The replacement of native Southeast Asian empires by European imperialism in the 16th and 17th centuries did not really change this dynamic. But Japan’s turn inward under the Tokugawa Shogunate in 1603 and its adoption of a “national lockdown” [鎖国 – sakoku] policy in 1633, combined with the Choson Dynasty in Korea’s earlier self-isolation, removed Northeast Asia as an active participant in the region’s dynamics, leaving Western powers based in Southeast and South Asia to contend bilaterally with China. This birthed a Sino-Western contest that set the longstanding three-body interactions of the East Asian order aside.

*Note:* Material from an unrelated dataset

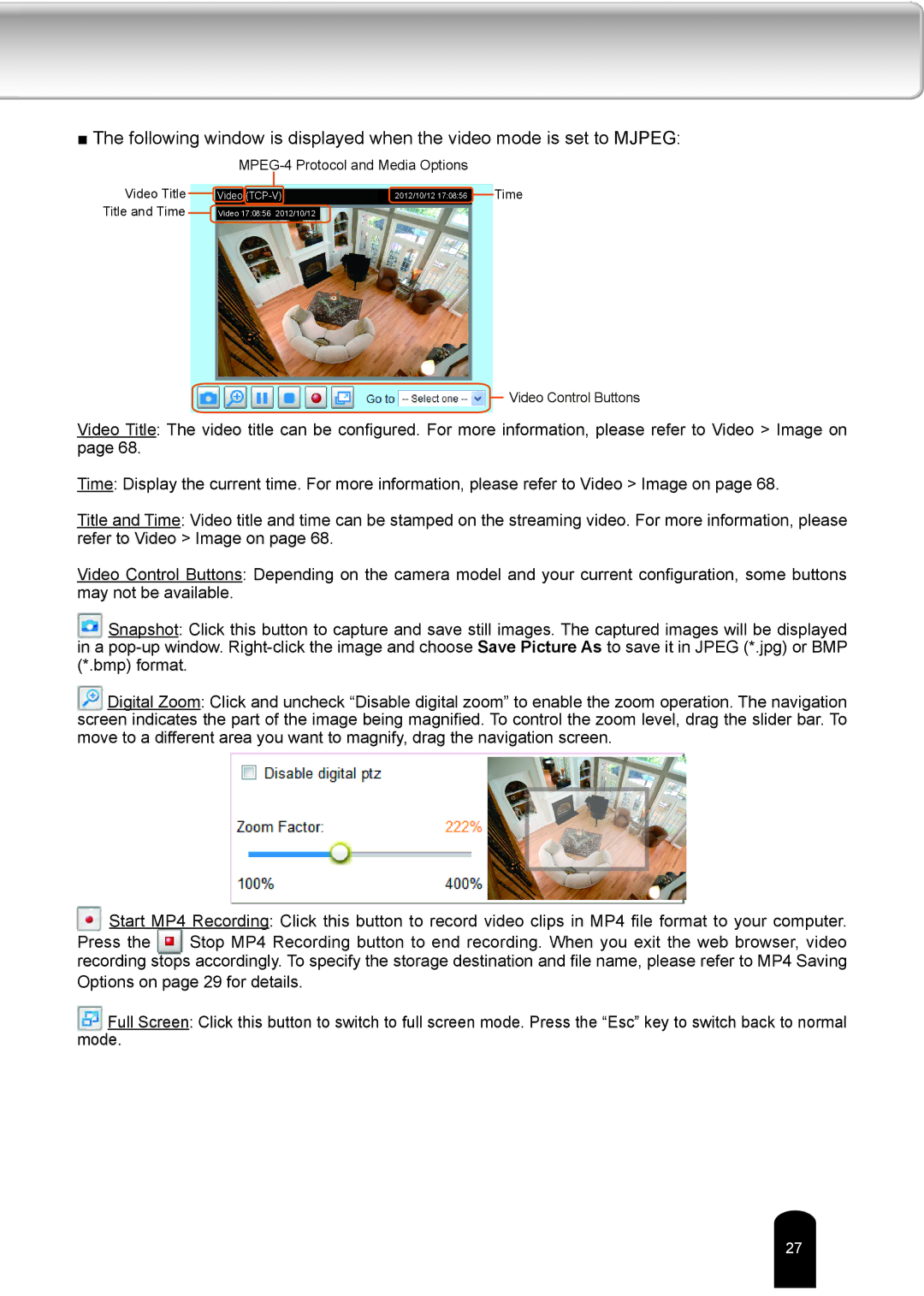 Toshiba IK-WD04A user manual Video Title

The United States became a factor in regional affairs only in 1835, when President Andrew Jackson established an American “East India Squadron” off the China coast. Jackson’s initiative was driven by the weight that China then had in the global economy. At the time, it accounted for over one-third of the planetary product. The new American republic did not want Britain and other European powers to corner the markets of Northeast Asia, as they had those in South and Southeast Asia. So, in 1853, Commodore Matthew Perry forced Japan to open itself to relations with the United States and, by extension, to other foreign countries. As Japan adopted the norms of Western political economies and modernized, it began to project its power throughout the region, briefly restoring a three-body dynamic to the region involving China, itself, and Western imperialism.
In 1874, the Japanese army occupied southeastern Taiwan. In 1876, Tokyo forced Korea to follow it in opening to foreigners, something an American military expedition five years earlier had failed to achieve.

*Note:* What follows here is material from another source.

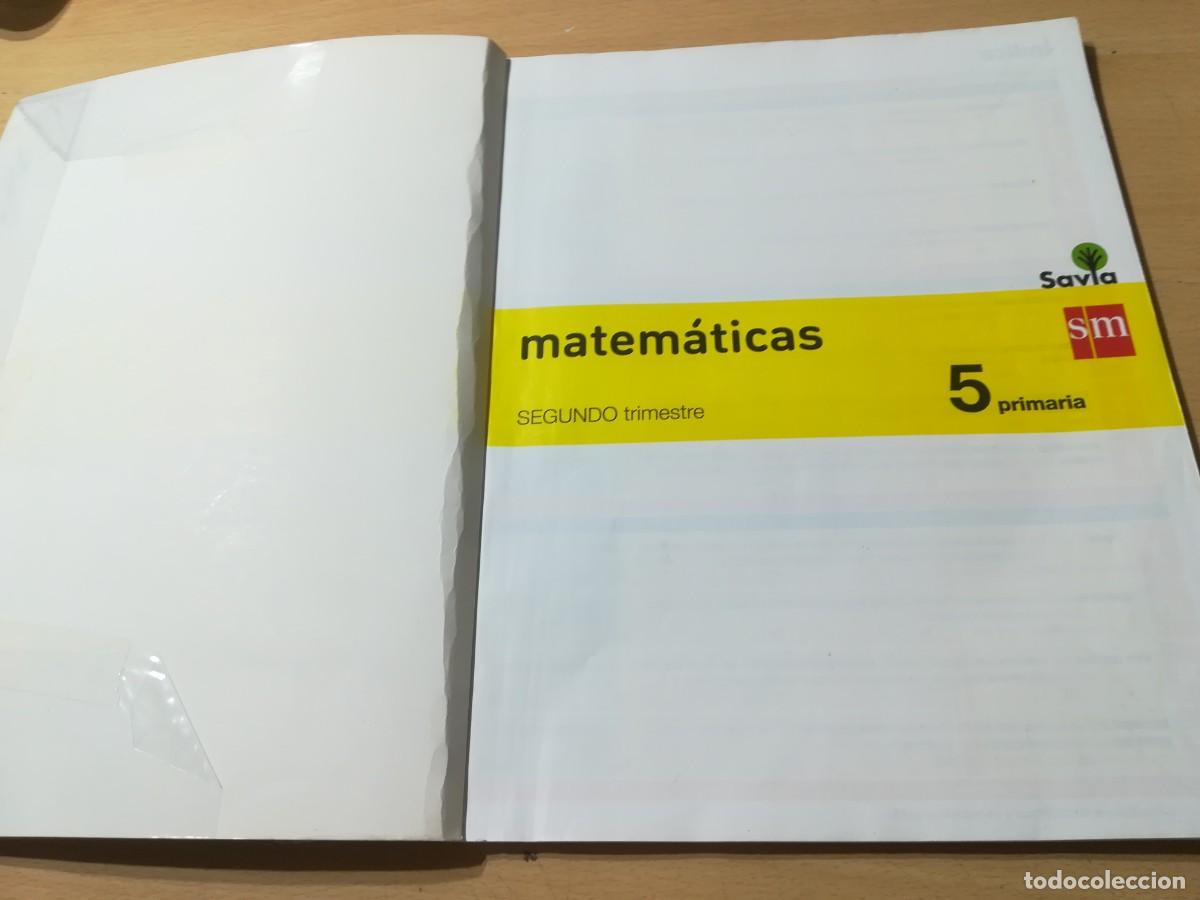 Libros de segunda mano: MATEMATICAS 5&ordm; PRIMARIA 2&ordm;TRIM / SM / AO-16 - Foto 4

By then, China was imploding under the combined impact of European efforts to divide it into spheres of influence and internal rebellions – the Taiping (太平) and Nian (捻乱). These disturbances took some 20 – 30 million lives, many more than the 14 – 17 million people of all nationalities who died in the First World War. China ceased to be an actor in regional affairs, becoming instead the playground of global imperialism. In 1900, the combined armies of Austria-Hungary, Britain, France, Germany, Italy, Japan, Russia, and the United States suppressed the Chinese “Boxer” rebellion against foreign domination, killing tens of thousands of Chinese, and looting Beijing.
For the next five decades, China was mired in domestic anarchy, foreign invasion, and civil wars. Only in 1949 did it re-emerge as an independent force. By then China’s GDP had fallen from one-third of the global total to a mere four percent of it. China’s new rulers adopted a planned economy and turned to the Soviet Union to help their country restore its vanished wealth and power.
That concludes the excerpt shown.